Ezra links to a story in which Ray LaHood says that the government is considering taxing VMT, as a means to fund transportation projects. From a strict policy perspective, it’s a pretty good idea (depending on the cost of deployment of the GPS systems). Folks who drive more are responsible for more wear and tear on the roads, but more importantly, they’re responsible for more of the negative social costs of driving — pollution, carbon emissions, congestion, and accidents. And where a gas tax may not reduce driving (it might simply lead to increased efficiency), a VMT tax absolutely will.

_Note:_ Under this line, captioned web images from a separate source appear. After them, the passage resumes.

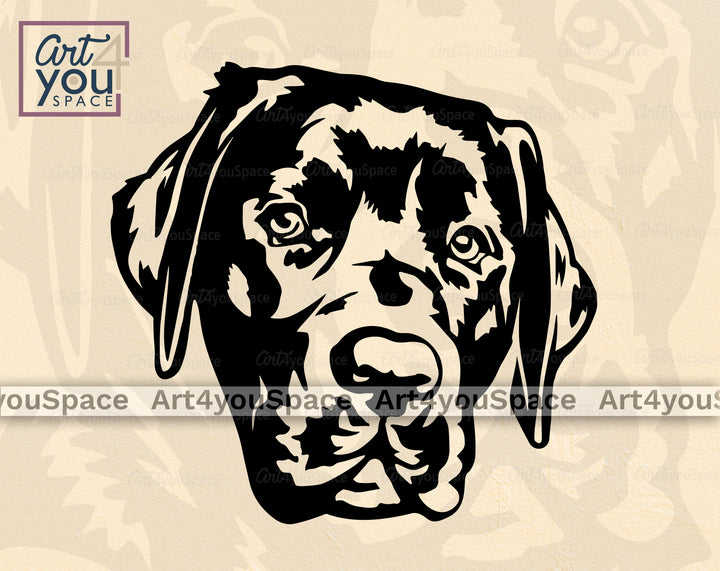 Black Labrador PNG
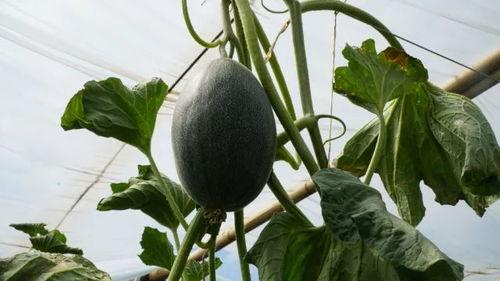 古怪楼梯带你吃瓜,带你穿越时空，品尝历史瓜果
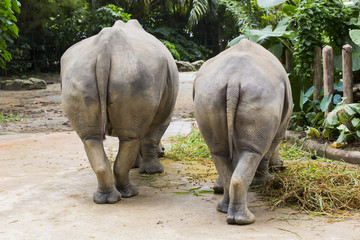 Fototapeta premium large adult rhino eating grass in a zoo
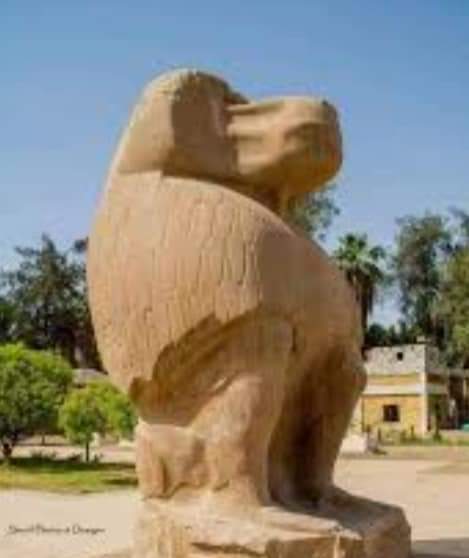 الأشمونين الأثرية  (3)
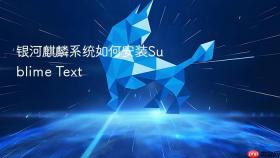 银河麒麟系统如何安装Sublime Text
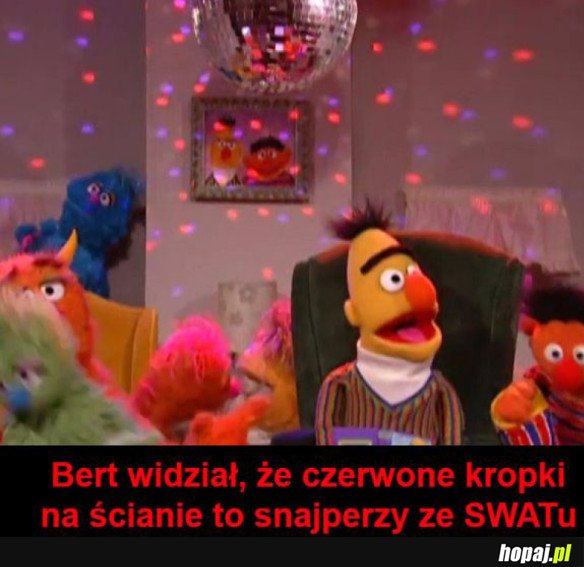 BERT MASZ RACJĘ 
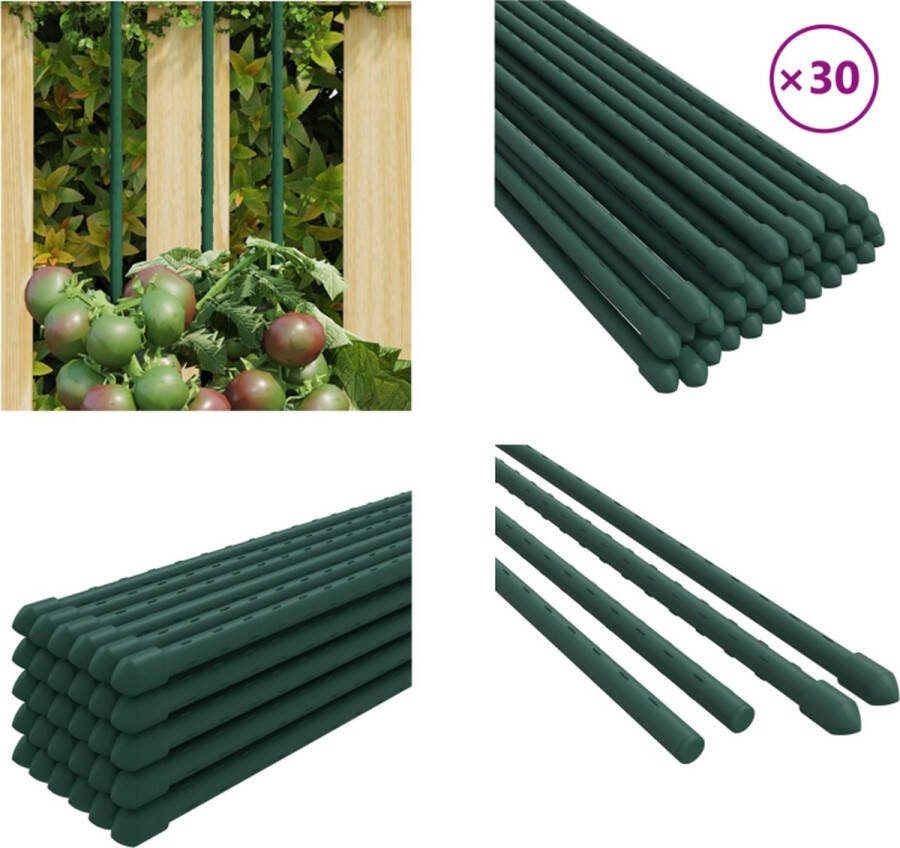 VidaXL Plantenstaken 30 st 180 cm staal groen Plantenstaak Plantenstaken Planten Steunstaak Plantensteun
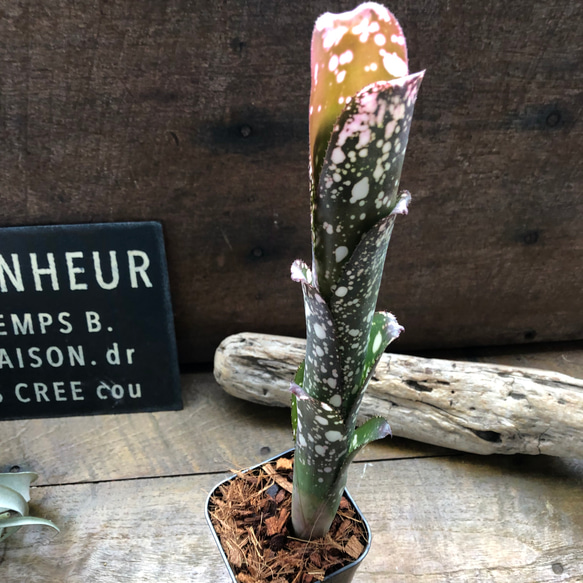 ビルベルギア ムーランルージュ♡Billbergia Moulin Rouge♡タンク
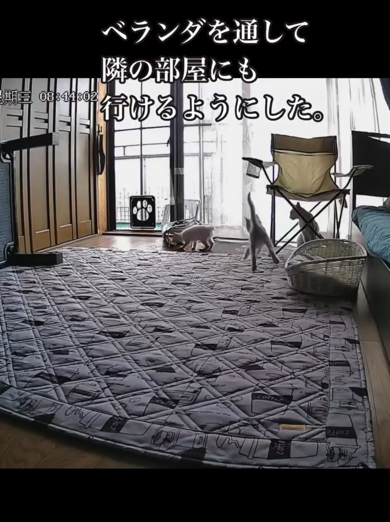 ベランダから隣の部屋に行き来できる仕様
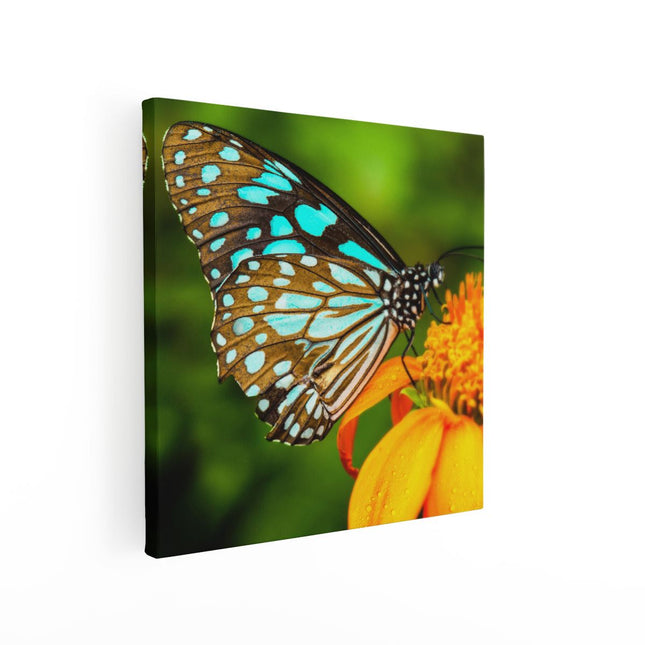 Canvas schilderij vierkant Blauwe Vlinder Bij Een Oranje Bloem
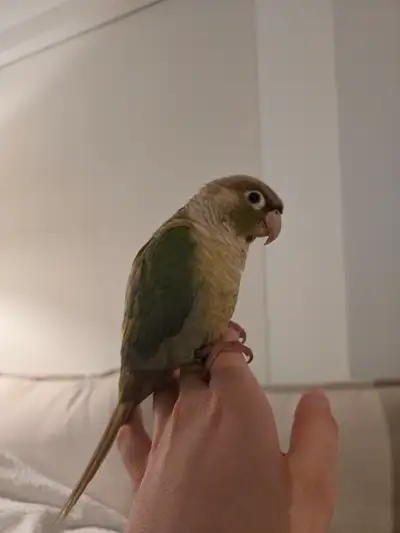Male conure looking for new home, View more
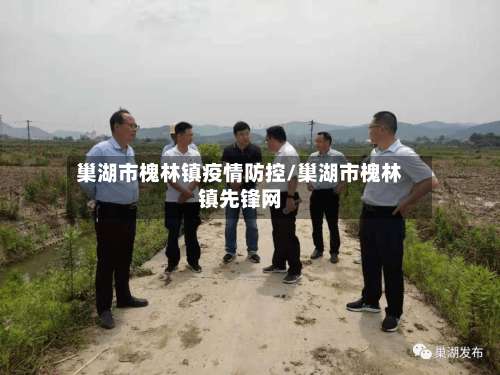巢湖市槐林镇疫情防控/巢湖市槐林镇先锋网
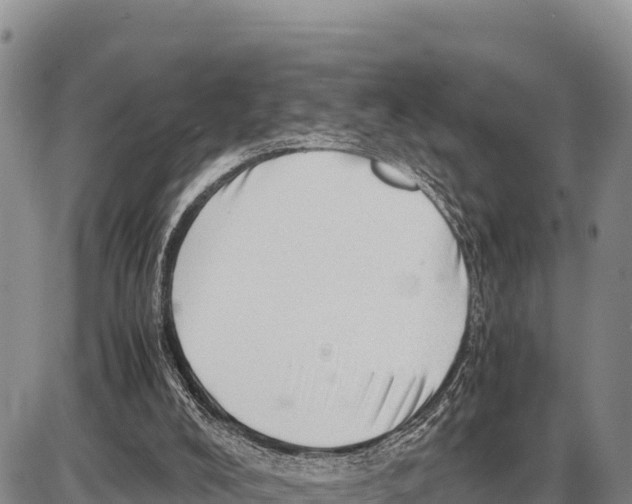 X0000086290008200704271813
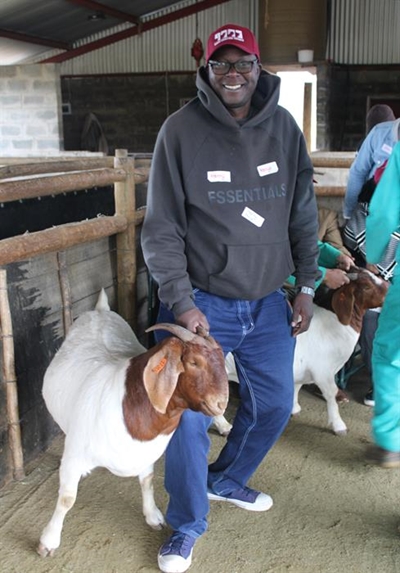 Breeding full blood cattle from Karoo,  priority for Kenya farmers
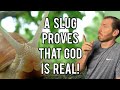 This is how SLUGS prove that God exists...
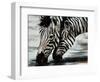 Savanna-Sydney Edmunds-Framed Giclee Print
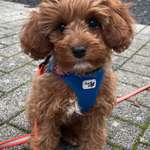 Ersteller:in Alex Profilbild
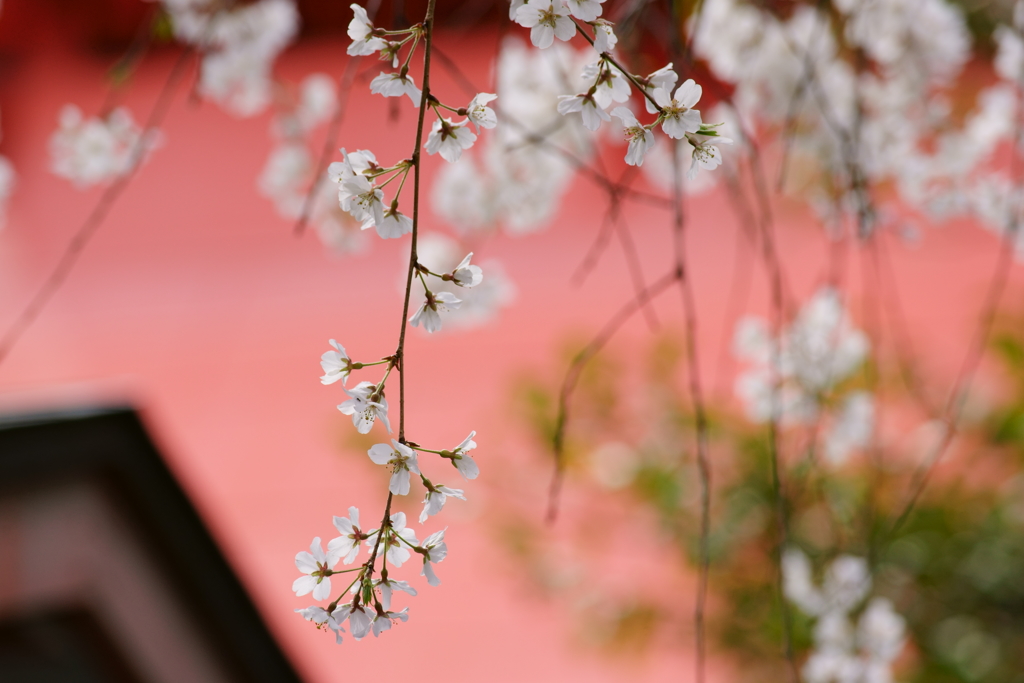 車折神社にて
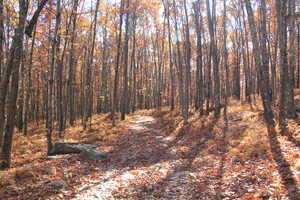 Golden wood in dappled sunlight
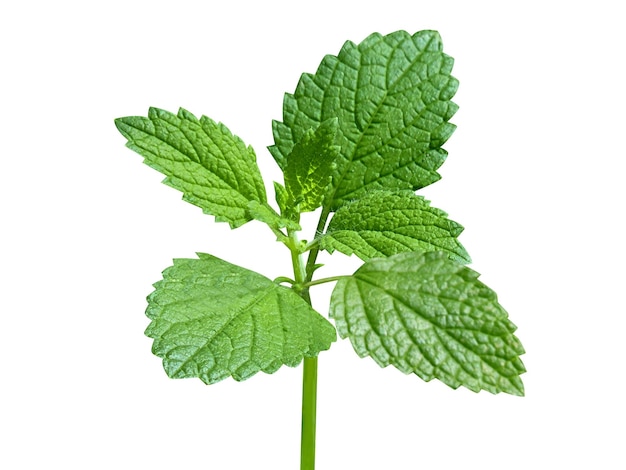 Lemon balm is used as a flavouring in ice cream and herbal teas and used in traditional medicine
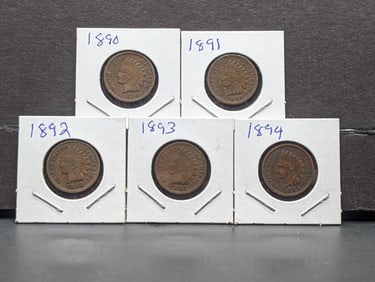1890, 91, 92, 93, and 94 Indian Head Cents. Average circulated. No culls/corrosion.?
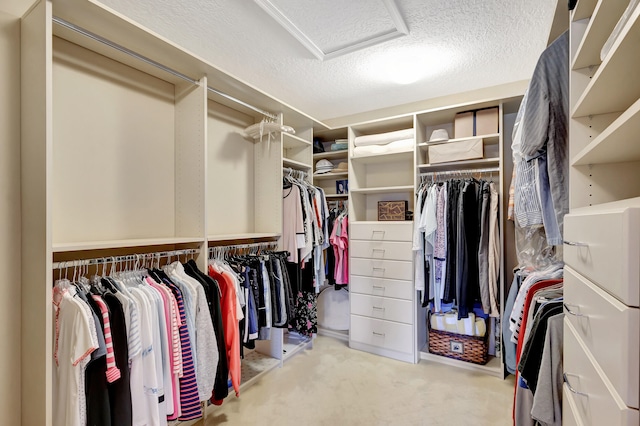 walk in closet with light colored carpet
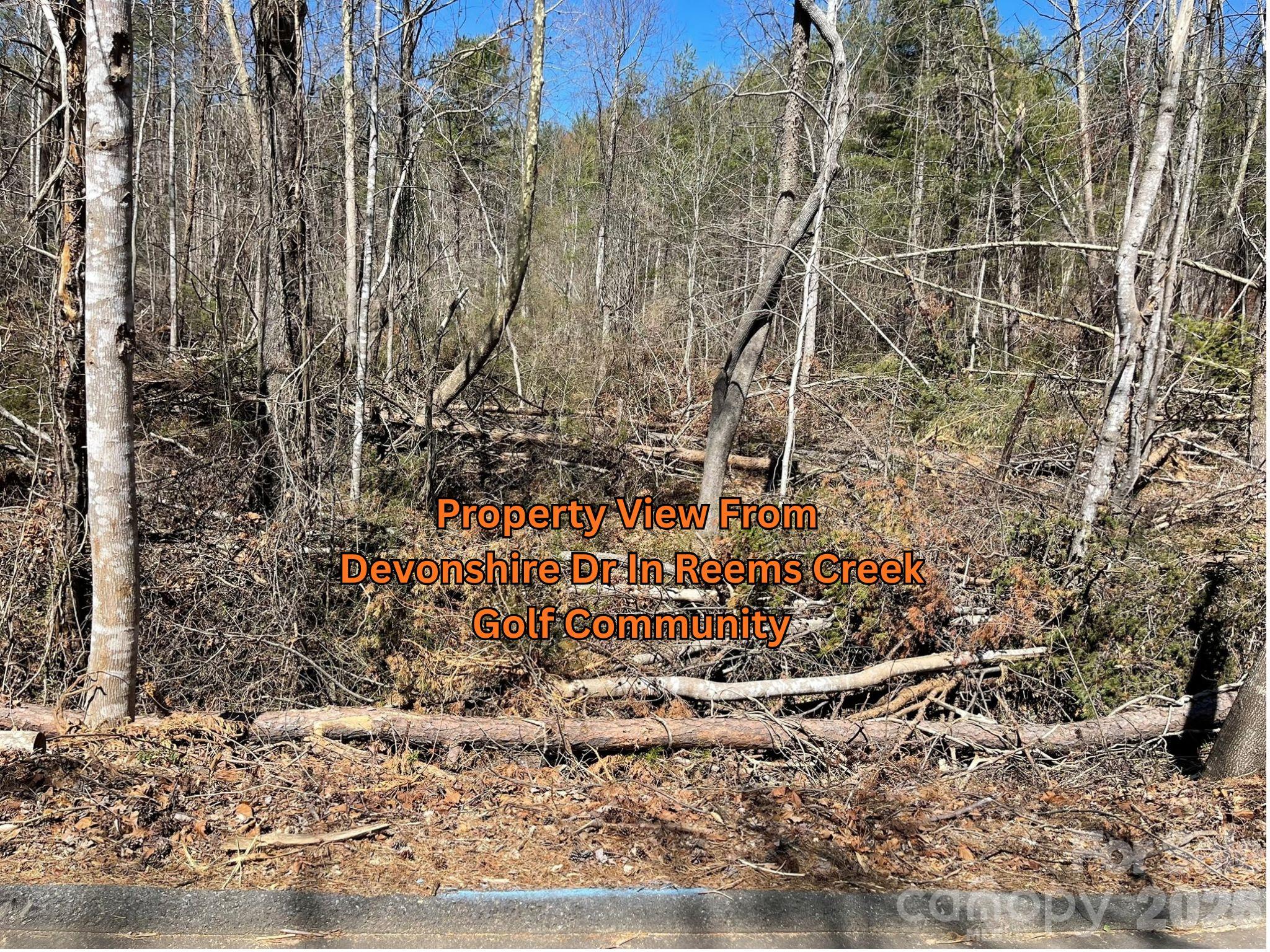 Acreage at 83 Union Chapel Road, Weaverville, photo 11 of 21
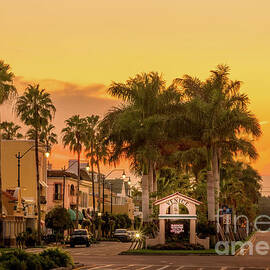Warm Sunset in Historic Venice, Florida by Liesl Walsh
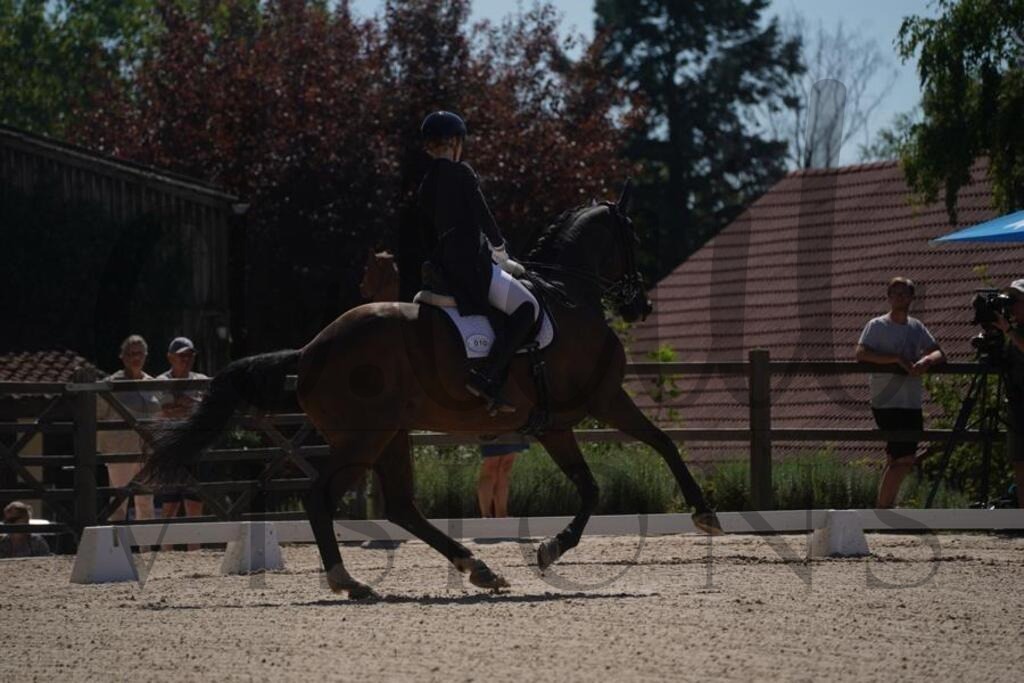 tgbhsonntag (1482) | d.tail Visions - Shop - Realisiert mit Pictrs.com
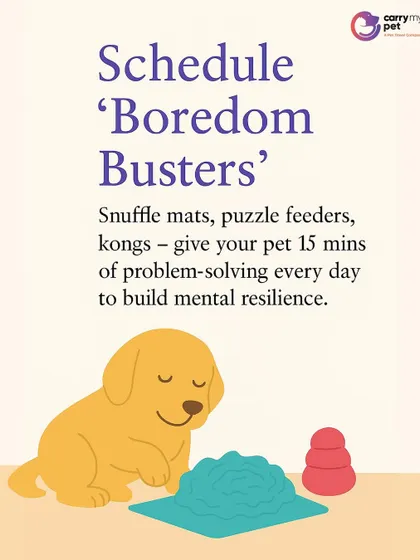 Schedule 'boredom busters' like snuffle mats and puzzle feeders. Just 15 minutes of problem-solving a day can build mental resilience and keep your pet engaged.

But I don’t know what I think about this, politically speaking. As Ezra notes, the immediate thing that comes to mind is the creepiness factor; the government will know where you’ve been driving. I don’t know if that’s enough to derail a VMT tax, but I know that the GOP will shamelessly hammer away at the theme, despite having officially become the part of civil liberties infringements.
The bigger issue, I think, is that the tax is anti-driving, obviously and on its face. This doesn’t bother me, but it will bother lots of other folks. A gas tax can be sold as a means to reduce pollutants and carbon emissions (or for the national security set, oil imports). But it’s not necessarily an attempt to reduce driving, and drivers can reduce its impact while still extreme commuting by buying a smaller car. A congestion toll is there to reduce congestion. Sure, it reduces driving, but the point, from a driver’s perspective, is that paying the toll generates a congestion free commute.
A VMT tax, by contrast, is payment for the very right to drive (and in America, this is perceived as a right). As such, I’m not sure it would fly. I could be wrong, of course. But my preferred method of financing transportation improvements remains an increase in the gas tax, combined with a broad and significant move toward congestion pricing.